I like to say that much of astronomy in any one category before the year 2000 was done with 100 objects. With SDSS we were talking about millions of objects in broad classes and about subcategories of up to 10,000 objects (different types of quasars, different types of stars, different types of galaxies). So the certainty with which you could define a certain kind of object or subdivide quasars into categories and therefore different stages of their lives is just orders of magnitude higher; you have tens of thousands of objects to study instead of hundreds. For SDSS it was very important that the large samples be rigorously selected.

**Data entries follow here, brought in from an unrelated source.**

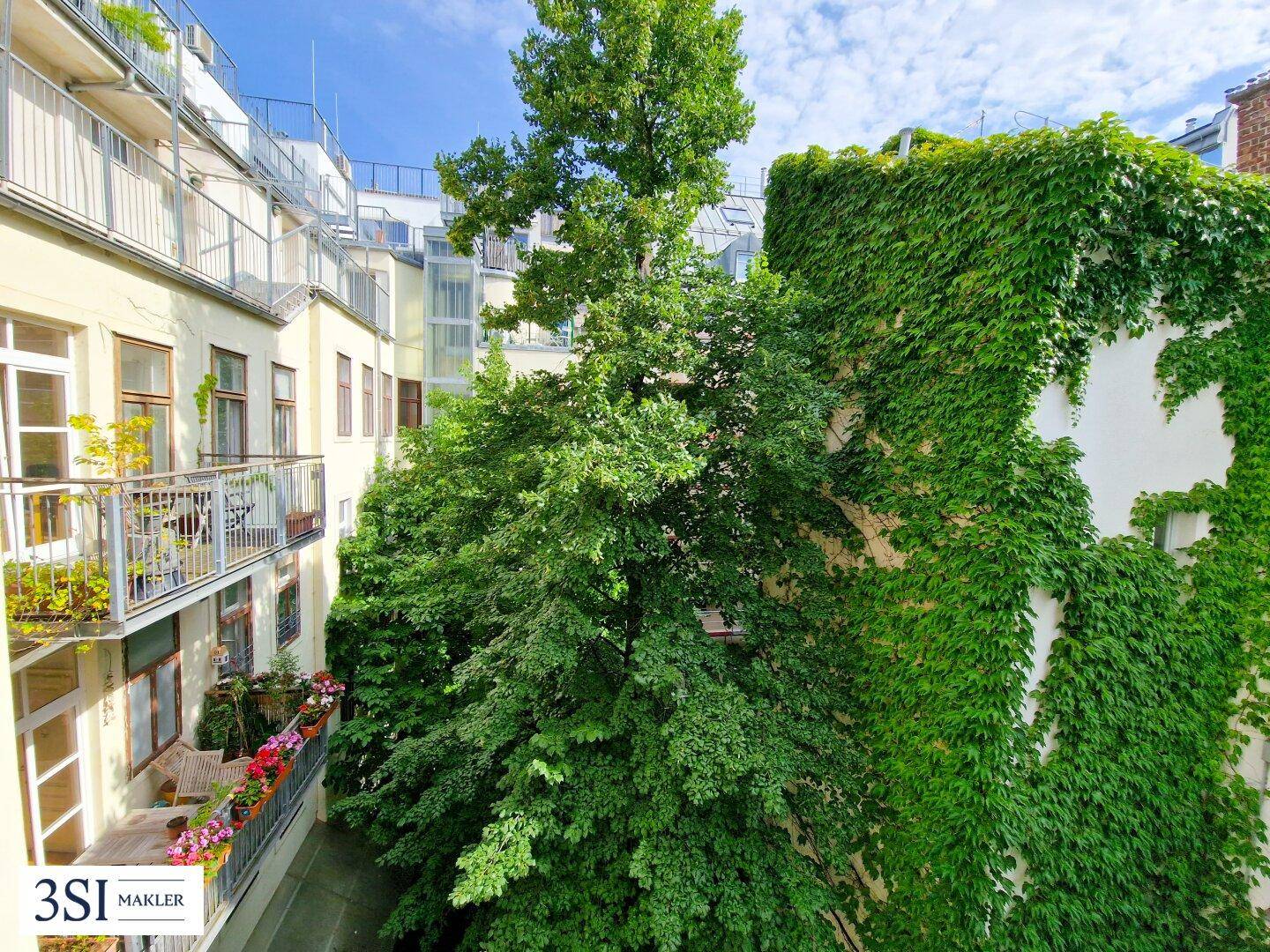 Blick auf begrünte Fassaden und Balkone im ruhigen Innenhof mit üppiger Vegetation.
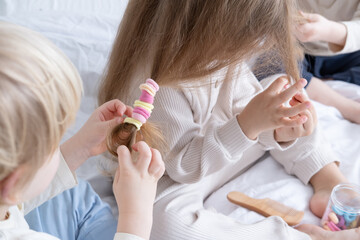 two kids boys braids pigtails using colorful elastic bands for hair for little girl sister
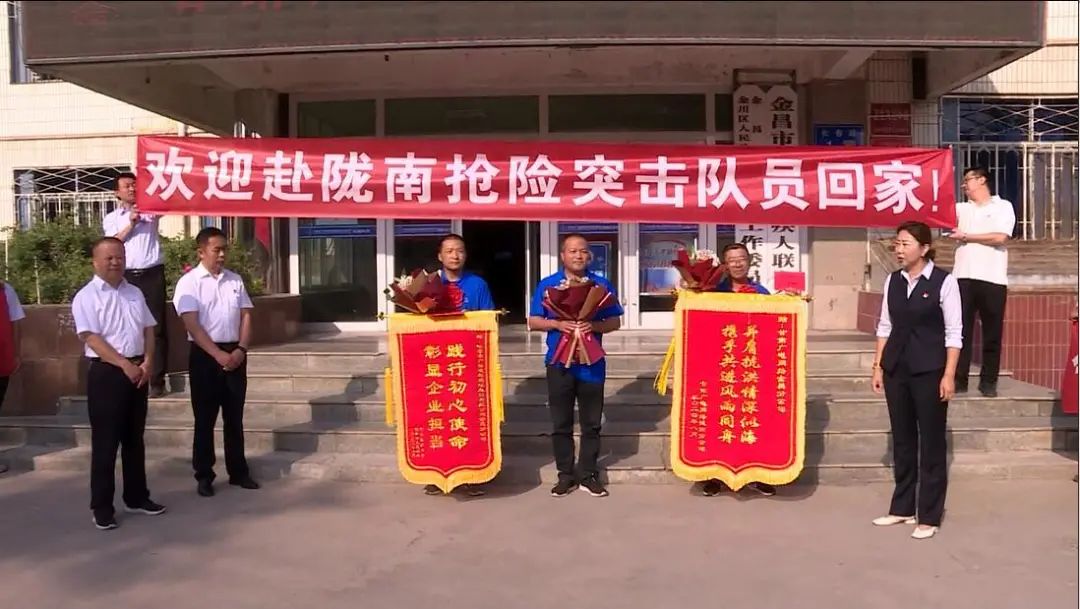 在甘肃广电网络金昌分公司门前，赴陇南市参与抢险救援的三名队员受到了公司的热烈欢迎。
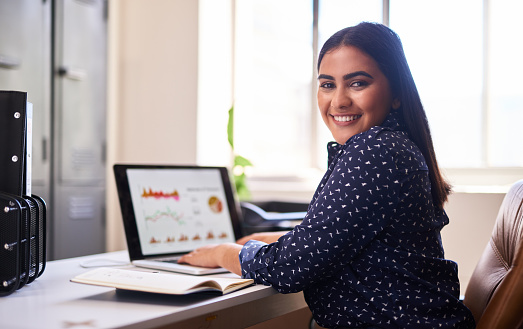 Happy young indian businesswoman working alone on a laptop in an office. One female only analysing graphs and statistics on a laptop at her desk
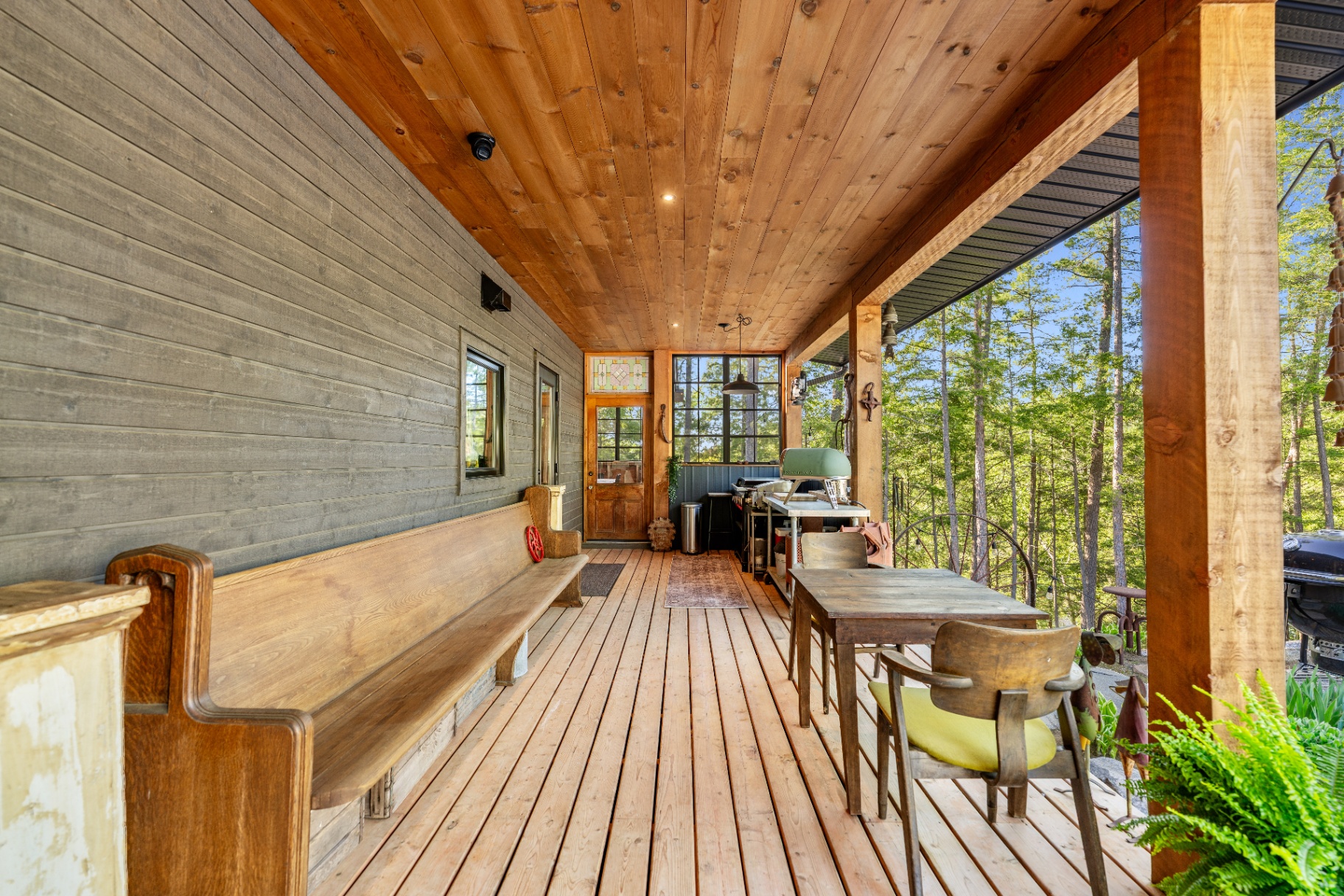Wraparound porch with pew bench and grill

Suppose you passed a hotel housing basketball players engaged in the final four of the NBA championship. There would be about 100 players, and if you tried to characterize all of humanity by observing these 100 individuals, you would end up with a picture that does not reflect the actual breadth of characteristics defining humanity; for instance, you might conclude that most humans are 7 feet tall. So it is with astronomical objects.
Typical and Atypical Galaxies: The top four images (NGC 450, NGC 60, NGC 1032, NGC 4753) are typical galaxies and commonly found in the Universe. The bottom four images (ARP 240, UGC 08504, UGC 10770, UGC 1597) are the result of galactic interactions and are atypical. Because they are so rare, getting large enough samples for systematic study could only be done with enormous, large-area sky surveys such as SDSS.